Partijen zullen hierna ook worden aangeduid als de man en de vrouw.
1. Het geding in feitelijke instanties
Voor het verloop van het geding in feitelijke instanties verwijst de Hoge Raad naar de navolgende stukken:
a. de beschikkingen in de zaak 187896 FA RK 08-1606 van de rechtbank Breda van 28 oktober 2008 (tussenbeschikking), 28 april 2009 (tussenbeschikking) en 21 oktober 2009 (eindbeschikking);
b. de beschikking in de zaak HV 200.054.930/01 en HV 200.054.933/01 van het gerechtshof te 's-Hertogenbosch van 30 november 2010.

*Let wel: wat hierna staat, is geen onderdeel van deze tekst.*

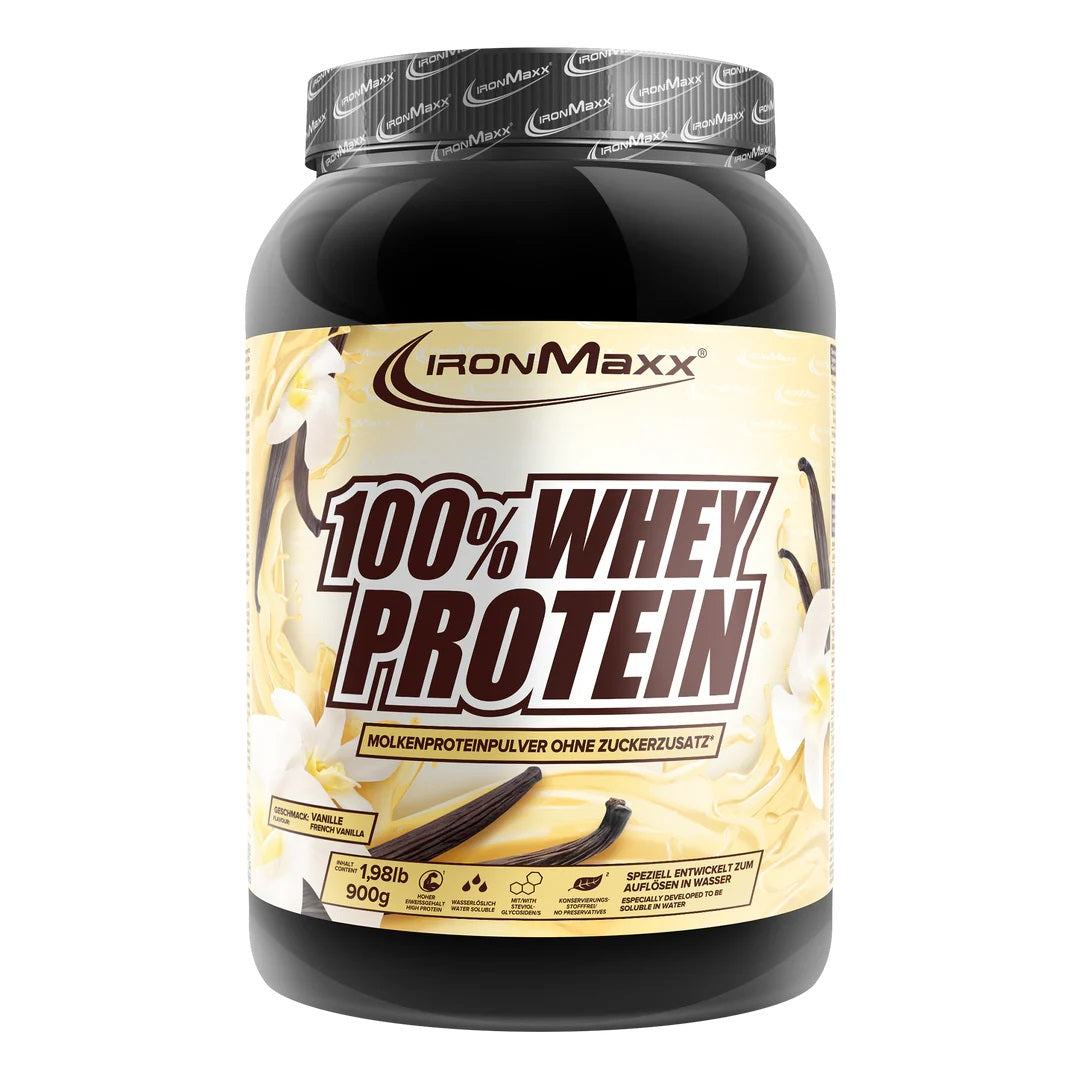 IronMaxx 100% Whey Protein 900g Dose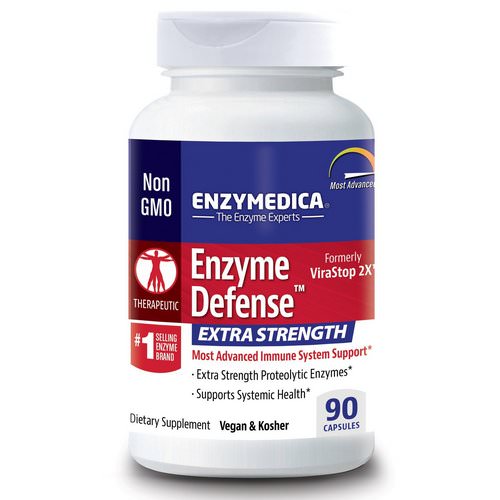 Enzymedica, Enzyme Defense (Formerly ViraStop), Extra Strength, 90 Capsules Review
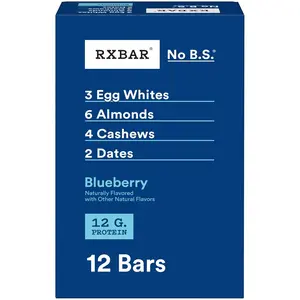 RXBAR Protein Bars – Blueberry (12 Bars)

De beschikking van het hof is aan deze beschikking gehecht.
2. Het geding in cassatie
Tegen de beschikking van het hof heeft de man beroep in cassatie ingesteld. Het cassatierekest is aan deze beschikking gehecht en maakt daarvan deel uit.
De vrouw heeft geen verweerschrift ingediend.

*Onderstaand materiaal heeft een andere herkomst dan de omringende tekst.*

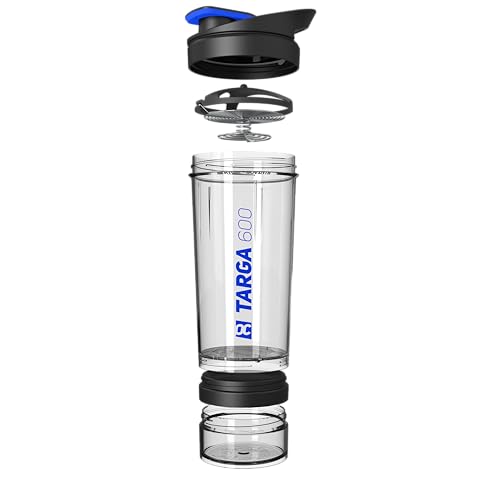 ROCKITZ Protein Shaker 500ml mit Pulverfach - einzigartiges Konzept - dicht + leichte Reinigung + Protein Mischfeder = perfekt cremige Shakes ohne Klumpen – Premium Fitness Shaker Proteinshake ROCKITZ Protein Shaker 500ml mit Pulverfach - einzigartiges Konzept - dicht + leichte Reinigung + Protein Mischfeder = perfekt cremige Shakes ohne Klumpen – Premium Fitness Shaker Proteinshake von ROCKITZ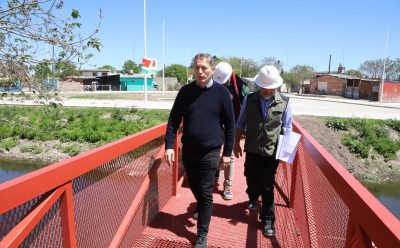 FERNANDO GRAY RECORRIÓ LAS OBRAS EN LAS MÁRGENES DEL ARROYO ORTEGA EN LOS BARRIOS LA MORITA Y SAN IGNACIO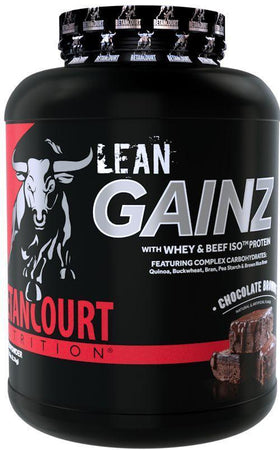 Betancourt Nutrition Protein Chocolate Brownie Betancourt Lean Gainz 5 lbs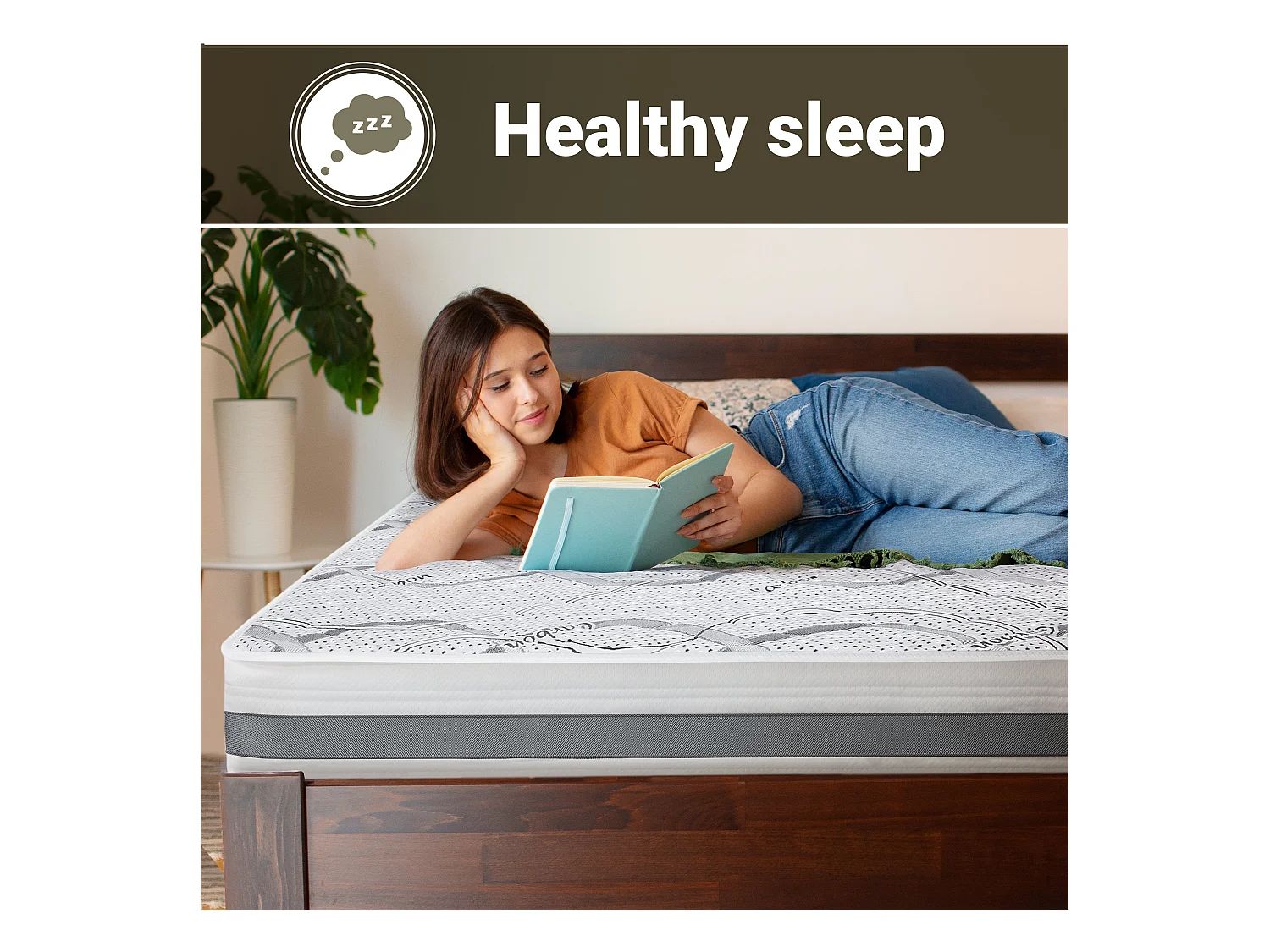 Eenpersoons Matras 75x160 Memory Orthopedisch, antibacterieel, mijtwerend, anti-allergisch | Hoogte 20 cm | Made in Italy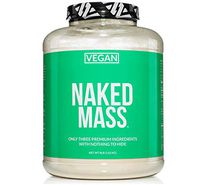 Naked Vegan Mass – Natural Vegan Weight Gainer Protein Powder – 8lb Bulk, GMO Free, Gluten Free, Soy Free & Dairy Free. No Artificial Ingredients – 1,230 Calories – 11 Servings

De conclusie van de Advocaat-Generaal E.B. Rank-Berenschot strekt tot verwerping van het beroep.
3. Beoordeling van het middel
De in het middel aangevoerde klachten kunnen niet tot cassatie leiden. Zulks behoeft, gezien art. 81 RO, geen nadere motivering nu de klachten niet nopen tot beantwoording van rechtsvragen in het belang van de rechtseenheid of de rechtsontwikkeling.
4. Beslissing
De Hoge Raad verwerpt het beroep.
Deze beschikking is gegeven door de vice-president J.B. Fleers als voorzitter en de raadsheren A.M.J. van Buchem-Spapens, C.A. Streefkerk, M.A. Loth en G. Snijders, en in het openbaar uitgesproken door de raadsheer F.B. Bakels op 23 maart 2012.